A dificuldade em se desenvolver uma vacina contra o HIV deriva de diversos fatores. O vírus sofre mutações muito rapidamente. Isso faz com que o vírus seja muito variável e dificulta o fato de se encontrar uma vacina que ofereça proteção contra todos os vírus circulantes. Além disso, o HIV é um retrovírus, o que significa que ele insere seu genoma viral no genoma da célula. Uma vez lá, a célula não tem como discernir entre DNA viral e DNA próprio. Sendo assim, são estabelecidos reservatórios virais, células onde o vírus se esconde, e onde a vacina não pode atuar. Para finalizar, ainda não há um consenso sobre quais são as variáveis imunológicas desejáveis para uma vacina. Lembre-se que o HIV infecta células do sistema imune, as mesmas células que uma vacina estimula a fim de se criar um estado de proteção que impedirá futuras infecções. Sendo assim, ao estimular essas células, a vacina pode aumentar o número de células alvo do HIV e facilitar uma infecção, ao invés do contrário esperado. Por conta disso, uma boa vacina deve estimular tanto as células de defesa quanto induzir a produção de anticorpos, e esses anticorpos podem inclusive se ligar ao vírus e impedir que ele entre nas células, impedindo a formação dos reservatórios virais. Esses anticorpos são denominados anticorpos neutralizantes, pois conseguem neutralizar a infecção ao impedir a entrada do vírus na célula.

Devido à gravidade da doença causada pelo HIV, as estratégias comuns de desenvolvimento de vacinas, como o uso de vírus inteiro inativado ou atenuado são evitadas por questões de biossegurança. Não é difícil entender, já que, na possibilidade de uma inativação incompleta ou de uma reversão de fenótipo (se o vírus deixar de ser atenuado e se tornar patogênico), pessoas que tomaram a vacina para se proteger, se tornariam infectadas (nada legal). Por isso, as vacinas contra o HIV baseiam-se em novas estratégias de vacinação, como as vacinas de subunidades (onde ao invés de um vírus inteiro se utilizam apenas algumas proteínas virais) e as vacinas de DNA. As vacinas de DNA se encontram numa interseção entre vacina e terapia gênica e podem ser feitas apenas com o DNA ou com o DNA vetorizado numa partícula viral (da mesma forma como explicado aqui). Nessa estratégia é utilizado um vírus que contém a sequência de DNA que codificam uma ou mais proteínas do HIV (nesse caso, mas pode ser sequência de qualquer vírus/organismo contra o qual se deseja fazer uma vacina). O vírus entra na célula e expressa as proteínas de interesse, e o organismo desenvolve uma resposta imunológica contra essas proteínas (o que, com sorte, trará imunidade frente a uma infecção pelo HIV, que possui essas proteínas).

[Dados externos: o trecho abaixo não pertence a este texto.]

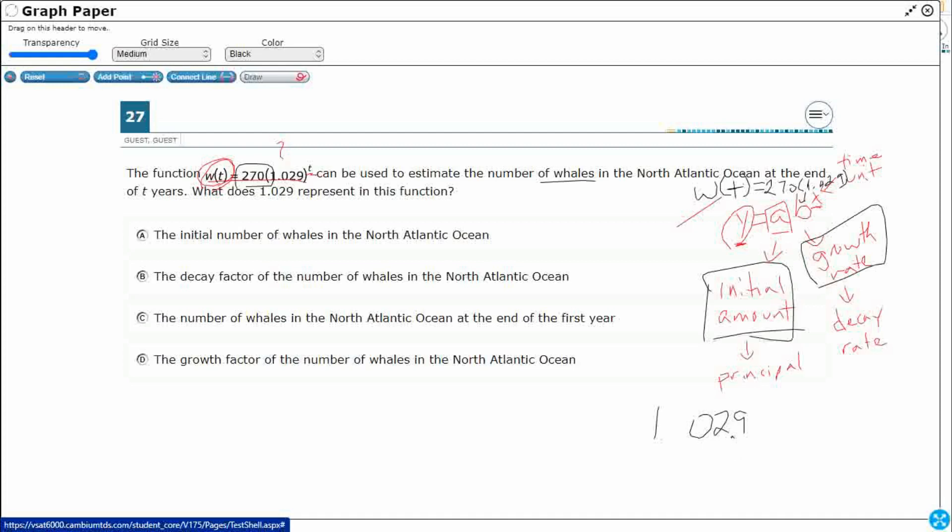So, that's going to be a 2.9% growth factor, because this 2.9% translates into the 0.029, and we just need that 1.029 to make sure we're going above 1 to include the initial amount, and then the 2.9% above that.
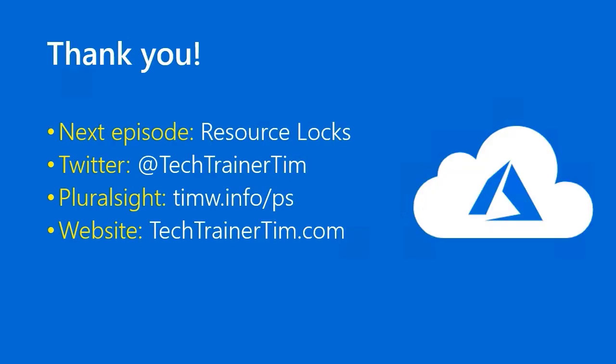Awesome. Another lesson down. Congratulations. Our next episode, ah, here it is, the answer to my earlier question. We'll cover resource locks next. In the meantime, you can follow me on Twitter at Tech Trainer Tim, view my Pluralsight content at timw.info/PS, or visit my website at techtrainertim.com. Thanks a lot. See you around.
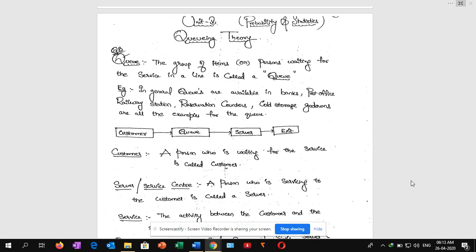Hi students, from today we are going to learn about queuing theory, that is Unit 5 from Probability and Statistics. First of all we will discuss some definitions in queuing theory. The queue means the group of items or persons waiting for a service in a line.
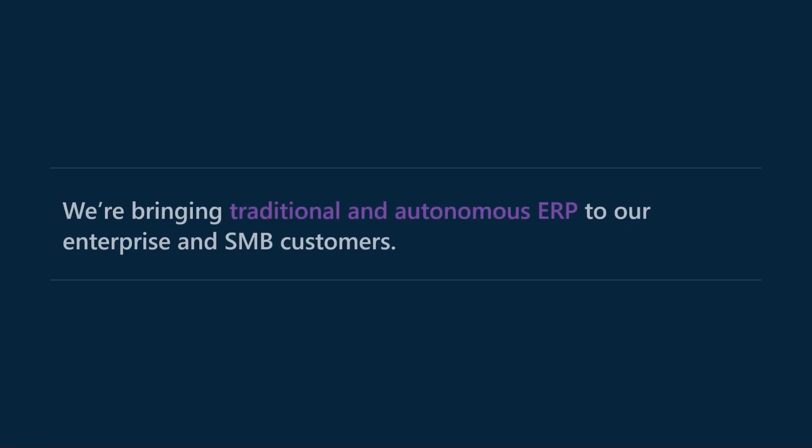We've just seen two awesome examples of how we're bringing traditional and autonomous capabilities to our enterprise and SMB customers. There are so many more great features coming in this wave and I'd love you to go and check them out on the release wave site.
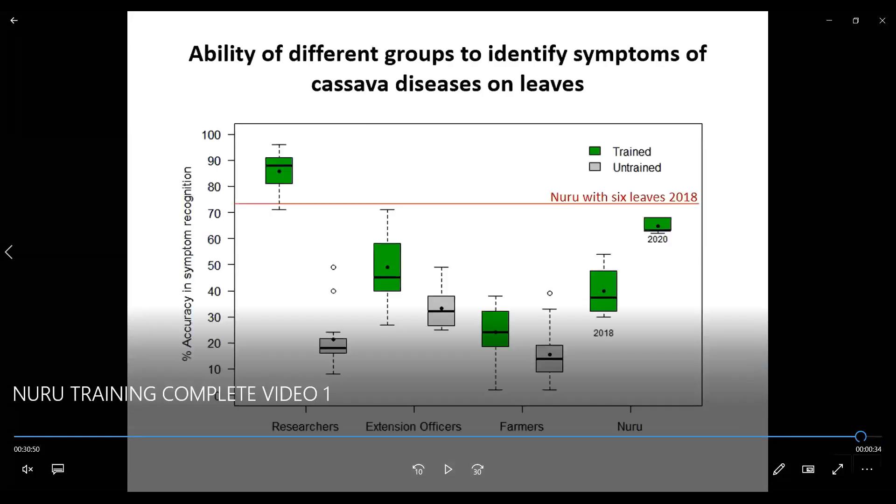A question on the graph shown: was that identification of disease using the app or without? For Nuru's section, we used the application. We collected 170 images from different places and compared people's visual assessment with Nuru. We compared how an extension officer detects disease and how Nuru detects the same disease using the same image — Nuru, farmers, extension officers, and researchers all assessing the same images.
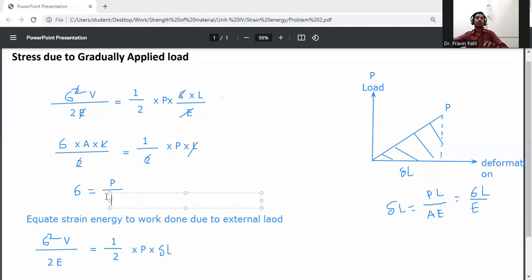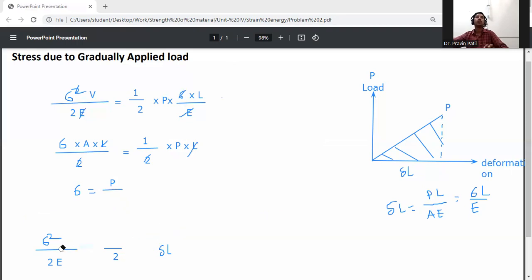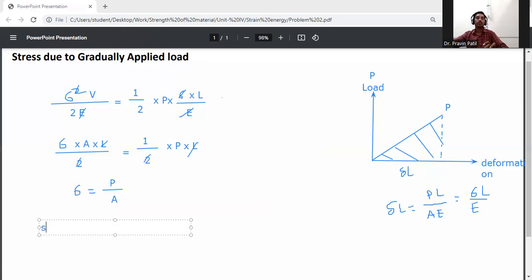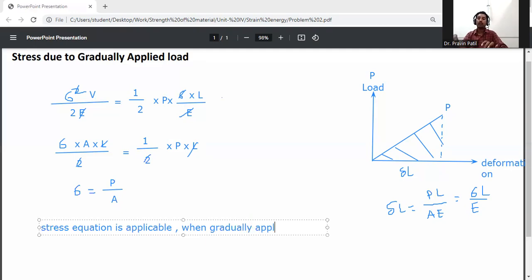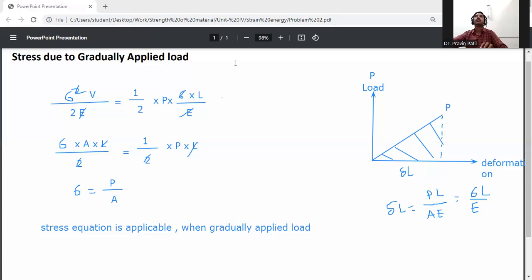When we apply load gradually, this derived equation is applicable, giving sigma equal to P by A. So this is the derivation of stress due to a gradually applied load.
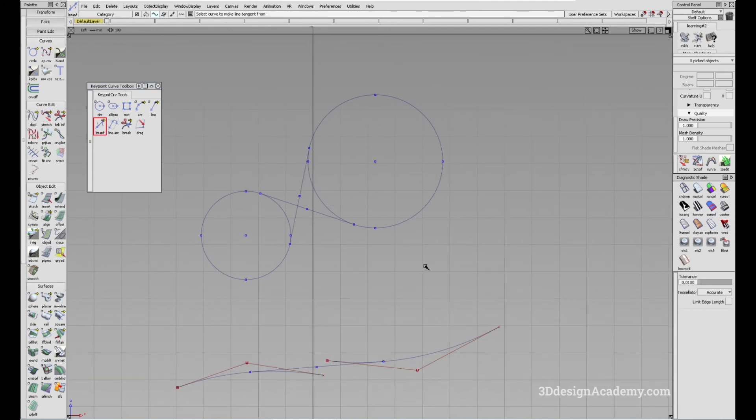Alright, so that's the line tangent from and to curve tool. And thank you guys for watching. See you next time.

Vacinas desse tipo já foram testadas em humanos (o famoso STEP study), mas o desenho da vacina não foi feliz, pois usava como vetor um adenovírus humano (o Adenovírus subtipo 5) para o qual grande parte da população já possuía anticorpos neutralizantes. O que aconteceu é que na maior parte dos testados, o vetor da vacina nem chegou a entrar em célula nenhuma (muito menos expressar nenhum gene do HIV), porque foi barrado pelos anticorpos neutralizantes contra o adenovírus 5. A vacina foi um fracasso.

Desde então, vários vetores passaram a ser avaliados a fim de se descobrir os mais aptos a uma vacina de DNA vetorizado para humanos. Alguns são vírus animais, como poxvírus de aves e adenovírus de chimpanzés (não se espera que existam muitas pessoas com anticorpos contra vírus de animais, certo?). Outros são vírus humanos relativamente raros, como adenovírus subtipos 26 e 35 (já que são raros, poucos tiveram contatos com eles, logo não devem haver muitas pessoas com anticorpos também). Há ainda vetores baseados em vírus que já foram erradicados, como o MVA, que é um vírus vaccinia (causador da varíola) vacinal altamente atenuado que foi usado no final da campanha de vacinação contra varíola na Alemanha. Bom, a varíola está erradicada no mundo, e a vacinação suspensa (no Brasil foi suspensa em 1980). Logo, não se espera que haja anticorpos na população (pelo menos os mais jovens) contra o vaccinia.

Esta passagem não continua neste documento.